Но полнота жизни и смерти может открываться двояко; она может звучать в переживании самого художника; обратно: образ видимости может пробуждать в художнике стремление к полноте; в том и другом случае художник-символист, насыщая образ переживанием, претворяет его в своём творчестве; такой претворённый образ есть символ; но пути воплощения символа различны: в первом случае переживание вызывает образ; во втором: образ вызывает переживание; в первом случае видимость образа поглощена переживанием; самый образ видимости есть лишь предлог его передать; и потому форма образа свободно изменяется, самые образы свободно комбинируются (фантазия): такова романтика символизма; таковы основания назвать символизм неоромантизмом. Во втором случае переживание связано образом видимости; самое переживание есть лишь предлог видоизменить образ; элементы его формы – эмблемы, указующие на символических характер образа. И поскольку форма воплощения образа (техника искусств) касается самого образа, составляя как бы его плоть, постольку технические вопросы формы начинают играть первенствующее значение; отсюда связь между символизмом и классическим искусством Греции и Рима. Отсюда интерес символистов к памятникам античной культуры, воскрешение латинских и греческих поэтов, изучение ритма, стиля и словесной инструментовки мировых гениев литературы. Вот почему символизм не без основания называют неоклассицизмом.

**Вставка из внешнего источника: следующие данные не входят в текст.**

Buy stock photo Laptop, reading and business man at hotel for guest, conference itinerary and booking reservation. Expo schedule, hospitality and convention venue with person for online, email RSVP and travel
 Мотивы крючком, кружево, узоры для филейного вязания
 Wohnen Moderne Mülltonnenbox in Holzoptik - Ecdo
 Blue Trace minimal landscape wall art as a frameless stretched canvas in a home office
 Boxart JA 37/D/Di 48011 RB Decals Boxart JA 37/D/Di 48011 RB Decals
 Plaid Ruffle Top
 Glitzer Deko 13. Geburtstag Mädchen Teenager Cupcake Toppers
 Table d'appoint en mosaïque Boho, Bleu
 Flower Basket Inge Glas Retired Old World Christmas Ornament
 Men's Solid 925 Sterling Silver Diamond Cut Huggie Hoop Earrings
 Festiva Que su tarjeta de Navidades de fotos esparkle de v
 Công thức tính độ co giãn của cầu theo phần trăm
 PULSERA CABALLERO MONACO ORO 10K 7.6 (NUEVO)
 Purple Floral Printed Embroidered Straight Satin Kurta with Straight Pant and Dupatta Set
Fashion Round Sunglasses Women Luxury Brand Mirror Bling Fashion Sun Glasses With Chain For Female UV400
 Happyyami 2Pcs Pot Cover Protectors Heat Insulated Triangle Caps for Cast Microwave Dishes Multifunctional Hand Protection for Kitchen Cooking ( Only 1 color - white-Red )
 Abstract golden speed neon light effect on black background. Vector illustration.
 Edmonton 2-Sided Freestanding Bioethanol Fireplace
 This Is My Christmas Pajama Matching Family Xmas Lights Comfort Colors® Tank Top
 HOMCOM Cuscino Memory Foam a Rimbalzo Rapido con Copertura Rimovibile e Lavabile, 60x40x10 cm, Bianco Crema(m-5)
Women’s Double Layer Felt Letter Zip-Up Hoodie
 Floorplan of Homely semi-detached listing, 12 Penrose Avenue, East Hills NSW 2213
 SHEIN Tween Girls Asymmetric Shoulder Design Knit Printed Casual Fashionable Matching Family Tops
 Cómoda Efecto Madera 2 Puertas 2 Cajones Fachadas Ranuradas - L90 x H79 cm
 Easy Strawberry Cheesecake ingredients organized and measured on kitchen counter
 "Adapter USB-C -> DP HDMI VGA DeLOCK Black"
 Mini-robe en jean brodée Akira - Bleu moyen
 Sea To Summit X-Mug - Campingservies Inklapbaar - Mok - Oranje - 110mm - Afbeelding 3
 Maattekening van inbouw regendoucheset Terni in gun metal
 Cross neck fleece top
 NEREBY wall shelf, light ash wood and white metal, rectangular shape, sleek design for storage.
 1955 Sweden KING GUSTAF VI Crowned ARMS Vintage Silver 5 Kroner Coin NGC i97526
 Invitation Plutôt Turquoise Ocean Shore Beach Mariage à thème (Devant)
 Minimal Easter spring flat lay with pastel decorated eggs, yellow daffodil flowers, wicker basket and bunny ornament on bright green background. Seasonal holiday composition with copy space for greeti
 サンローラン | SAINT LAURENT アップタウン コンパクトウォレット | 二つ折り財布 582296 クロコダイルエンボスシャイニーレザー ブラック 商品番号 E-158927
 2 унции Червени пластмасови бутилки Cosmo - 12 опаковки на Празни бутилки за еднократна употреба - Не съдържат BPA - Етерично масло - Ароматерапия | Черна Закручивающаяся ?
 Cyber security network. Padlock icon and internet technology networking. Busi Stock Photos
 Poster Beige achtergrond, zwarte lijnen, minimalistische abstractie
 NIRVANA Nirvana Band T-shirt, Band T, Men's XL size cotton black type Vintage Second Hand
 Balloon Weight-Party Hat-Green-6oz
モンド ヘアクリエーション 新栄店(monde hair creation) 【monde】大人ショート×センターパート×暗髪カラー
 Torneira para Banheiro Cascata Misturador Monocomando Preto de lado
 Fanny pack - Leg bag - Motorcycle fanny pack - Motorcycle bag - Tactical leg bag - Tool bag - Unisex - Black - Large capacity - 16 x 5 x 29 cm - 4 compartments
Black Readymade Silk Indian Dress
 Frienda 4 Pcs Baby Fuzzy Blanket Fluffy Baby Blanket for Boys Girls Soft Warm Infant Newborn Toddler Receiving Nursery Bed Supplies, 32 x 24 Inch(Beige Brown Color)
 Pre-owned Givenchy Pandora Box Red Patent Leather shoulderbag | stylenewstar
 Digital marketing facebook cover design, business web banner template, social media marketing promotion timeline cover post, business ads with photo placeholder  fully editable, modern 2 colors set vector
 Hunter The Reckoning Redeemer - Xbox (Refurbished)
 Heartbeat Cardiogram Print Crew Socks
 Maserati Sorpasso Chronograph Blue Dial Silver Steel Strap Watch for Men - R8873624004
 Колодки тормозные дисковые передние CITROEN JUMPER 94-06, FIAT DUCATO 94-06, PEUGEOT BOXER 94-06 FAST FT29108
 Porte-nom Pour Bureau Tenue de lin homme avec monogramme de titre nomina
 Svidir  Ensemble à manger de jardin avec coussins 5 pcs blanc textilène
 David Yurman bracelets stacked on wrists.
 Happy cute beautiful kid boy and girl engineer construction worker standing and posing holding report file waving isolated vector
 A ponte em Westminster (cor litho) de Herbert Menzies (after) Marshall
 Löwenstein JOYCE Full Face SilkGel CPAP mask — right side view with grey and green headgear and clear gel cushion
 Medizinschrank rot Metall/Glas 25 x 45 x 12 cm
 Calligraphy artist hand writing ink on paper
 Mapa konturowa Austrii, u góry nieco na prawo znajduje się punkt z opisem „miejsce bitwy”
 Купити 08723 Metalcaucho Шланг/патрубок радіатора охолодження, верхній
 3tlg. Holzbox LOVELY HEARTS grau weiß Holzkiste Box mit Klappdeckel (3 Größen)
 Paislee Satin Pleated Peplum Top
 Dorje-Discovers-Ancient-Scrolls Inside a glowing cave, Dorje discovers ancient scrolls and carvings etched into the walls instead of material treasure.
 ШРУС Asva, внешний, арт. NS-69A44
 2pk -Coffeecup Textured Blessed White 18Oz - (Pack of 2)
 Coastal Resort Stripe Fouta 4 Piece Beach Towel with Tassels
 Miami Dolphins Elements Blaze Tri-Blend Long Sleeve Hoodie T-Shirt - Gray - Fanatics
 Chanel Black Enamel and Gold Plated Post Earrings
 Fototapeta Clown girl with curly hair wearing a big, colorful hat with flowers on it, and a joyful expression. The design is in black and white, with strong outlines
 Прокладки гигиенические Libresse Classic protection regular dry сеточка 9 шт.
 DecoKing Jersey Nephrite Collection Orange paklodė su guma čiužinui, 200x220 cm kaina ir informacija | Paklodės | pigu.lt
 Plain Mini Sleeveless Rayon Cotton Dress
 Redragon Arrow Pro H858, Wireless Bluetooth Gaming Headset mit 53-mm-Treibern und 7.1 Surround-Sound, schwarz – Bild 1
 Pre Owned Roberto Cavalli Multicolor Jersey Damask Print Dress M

Момент реализма всегда присутствует в символизме; романтика и культ формы всегда присутствует в нём. И оттого-то символизм отпечатлелся в литературе тремя существенными лозунгами: 1) символ всегда отражает действительность; 2) символ есть образ, видоизменённый переживанием; 3) форма художественного образа неотделима от содержания.
И поскольку действительность для художника-символиста не совпадает с осязаемой видимостью явлений, входя, как часть, в видимость, постольку и проповедь символизма всегда начиналась с протеста против отживших и узких догматов наивного реализма в искусстве. Наивного реализма уже нет в науке; более того: теоретическая физика давно уничтожила материю как субстанцию явлений; все образованные учёные это знают; но в искусстве продолжают преобладать осколки когда-то разбитых научных догматов. И теоретики искусства, и художественные критики часто стоят не на уровне научного миросозерцания; оттого-то они, вооружась против символа, зачастую насилуют здоровый творческий инстинкт; и оттого-то характерной чертой нового искусства является протест против монополии «кажущегося реальным» реализма в искусстве. Нечего говорить, что реализм символисты не отрицают.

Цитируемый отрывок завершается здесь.